[[ Records for the exercise open ]]

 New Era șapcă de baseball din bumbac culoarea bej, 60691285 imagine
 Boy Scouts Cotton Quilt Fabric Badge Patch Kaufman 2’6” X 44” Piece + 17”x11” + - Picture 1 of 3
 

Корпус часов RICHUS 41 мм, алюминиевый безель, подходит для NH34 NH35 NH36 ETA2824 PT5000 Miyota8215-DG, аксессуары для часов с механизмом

[[ Records for the exercise closed ]]
[[ Records for the exercise open ]]

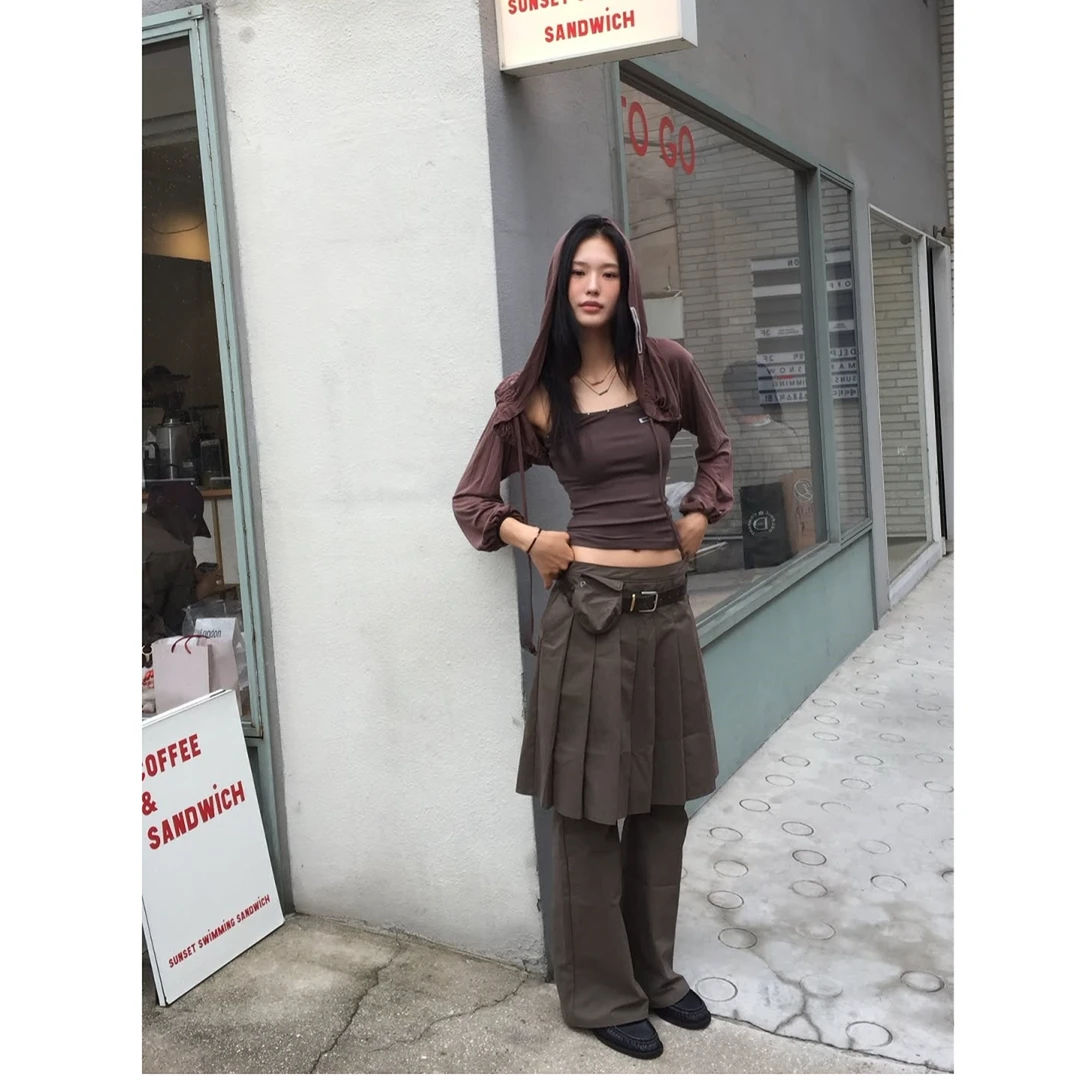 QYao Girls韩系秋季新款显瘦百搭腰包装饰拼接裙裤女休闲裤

[[ Records for the exercise closed ]]

- Exercise description
Take the line above containing "Boy Scouts Cotton", the line containing "Корпус часов RICHUS", and all lines in between, and copy them exactly without anything else.

- Task output
 Boy Scouts Cotton Quilt Fabric Badge Patch Kaufman 2’6” X 44” Piece + 17”x11” + - Picture 1 of 3
 

Корпус часов RICHUS 41 мм, алюминиевый безель, подходит для NH34 NH35 NH36 ETA2824 PT5000 Miyota8215-DG, аксессуары для часов с механизмом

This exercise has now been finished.